On Friday, firefighters were still finding pockets of holdouts, people who had stayed behind while thousands around them fled. A dozen homes were still occupied in Magalia, near the fire’s starting point, and their occupants needed to be ushered out, first responders told emergency dispatchers.

(TNS) — Firefighters on Friday continued to battle the Camp fire in Northern California, where at least 1,000 structures were destroyed and residents had to run for their lives as the fast-moving blaze swept across parts of Butte County.

The fire, which started about 6:30 a.m. Thursday, had grown to 20,000 acres overnight, according to the California Department of Forestry and Fire Protection.

On Friday, firefighters were still finding pockets of holdouts, people who had stayed behind while thousands around them fled.

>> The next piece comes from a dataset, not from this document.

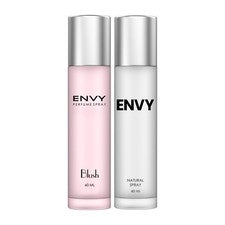 ENVY Rubor y Perfume Natural para Mujer - 60 ML Cada uno, Pack de 2|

A dozen homes were still occupied in Magalia, near the fire’s starting point, and their occupants needed to be ushered out, first responders told emergency dispatchers.

Around them, one firefighter said, “is heavy structure damage.”

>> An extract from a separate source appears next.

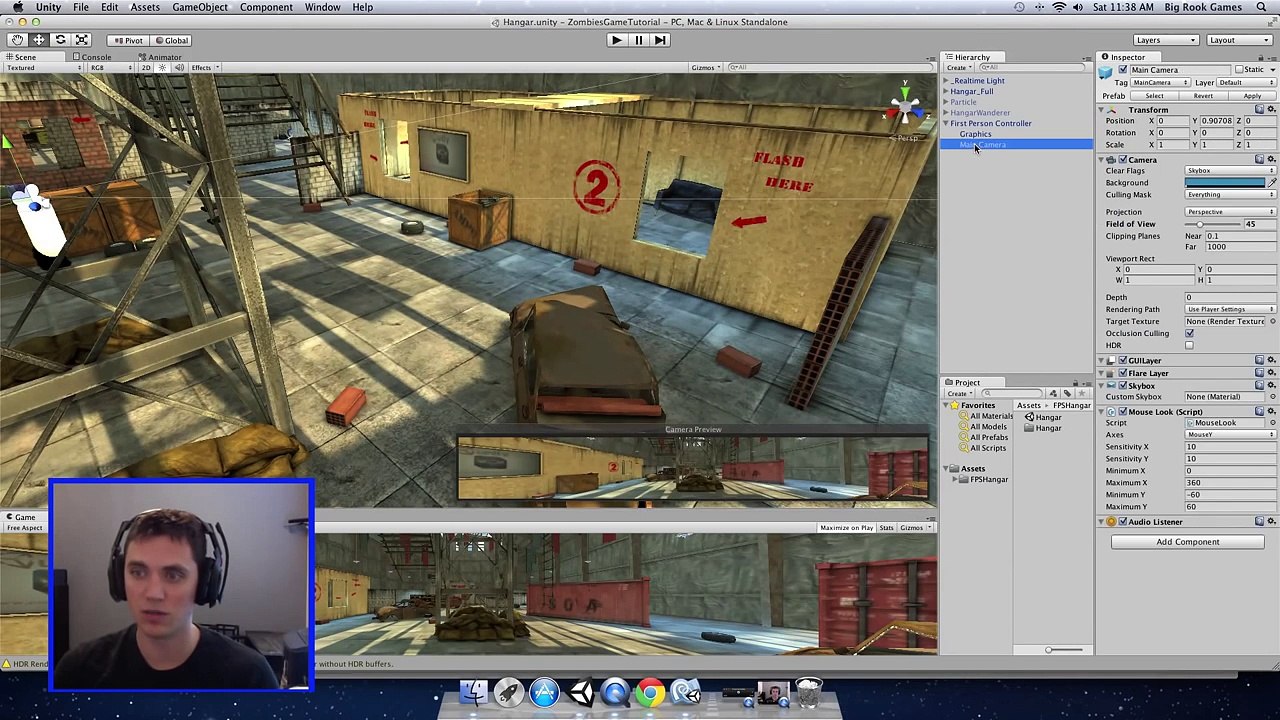 Lets Make Call Of Duty Zombies In Unity 3D Tutorial: Part 4 Game.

The fire’s western perimeter is about 11 miles away at Canyon Oak, a golf course community that flanks the town of Chico.

The area is no stranger to wildfires. Ten years ago, a blaze struck Paradise, a town of 27,000 known as a popular retirement community. That fire chewed through dozens of structures and forced chaotic evacuations; the resulting panic was so alarming, angry residents showed up for months at community meetings demanding change.

“There had been no planning,” said Peggy Musgrave, 85, who escaped the wrath of that fire to find herself in gridlock again Thursday, joined by thousands of Paradise residents fleeing another raging fire.

But this time, Musgrave said, she felt there was a measure of control. People had been mailed instructions on what to do: what to pack, what routes to take out of town and a reminder to plan for their pets. When she learned through word of mouth of the encroaching Camp fire, she went to her closet for her box of prized photographs and records, and to another for her collected jewelry, and then she left.

“We immediately went into action,” she said.

She was met with traffic jams. It took two hours to traverse approximately 16 miles. But at almost every intersection, there was an informed official directing traffic and reassuring those in the evacuation gridlock they would be safe. “It gave you a feeling that if something did go wrong, we had somebody to be miserable with,” Musgrave said.

Residents such as Howard Cole, who sought shelter from the Camp fire at a converted church in Oroville, know they are in fire country and say the evacuations are not unexpected.

“This is our fourth evacuation in 10 years,” Cole said. “The first couple were chaos. It’s getting better.”

Still, other Paradise residents were critical — not of the traffic jams that ensued, but of what they said was a lack of warning to get out in the first place.

Jane Palmer, 77, said she received four automated calls the night before the fire. They were from Pacific Gas & Electric, telling her the utility was about to cut her power, which it did about 9:30 p.m.

She said she realized Paradise was on fire and her mobile home park was threatened when she saw the smoke and flames. As she drove out, she encountered a neighbor, Patsy Jacobs, 62, trying to walk out. Palmer hauled her into the car and Jacobs, because Palmer cannot see well, navigated her rescuer through the bank of smoke and burning trees.

“What pisses me off is I don’t think they told everybody soon enough,” said Kim Benn, 49, a neighbor who realized she needed to flee the fire when another resident pounded on her door.

Butte County Sheriff Korey Honea said the county sent out automated warning calls to 23,862 households, using its Code Red system. However, it did not deploy a universal alert through the national emergency warning system that would have reached every cellphone within reach of activated cellphone towers.

Benn said houses on her street were already on fire when she realized she needed to leave. The fire was advancing so quickly that she immediately abandoned her car to jump into a neighbor’s truck.

“Don’t they realize this is a senior park?” Palmer said. “There’s only one way out. And had it not been for a fellow who had a meeting about evacuation in August, one of the residents, I wouldn’t have known what to do.”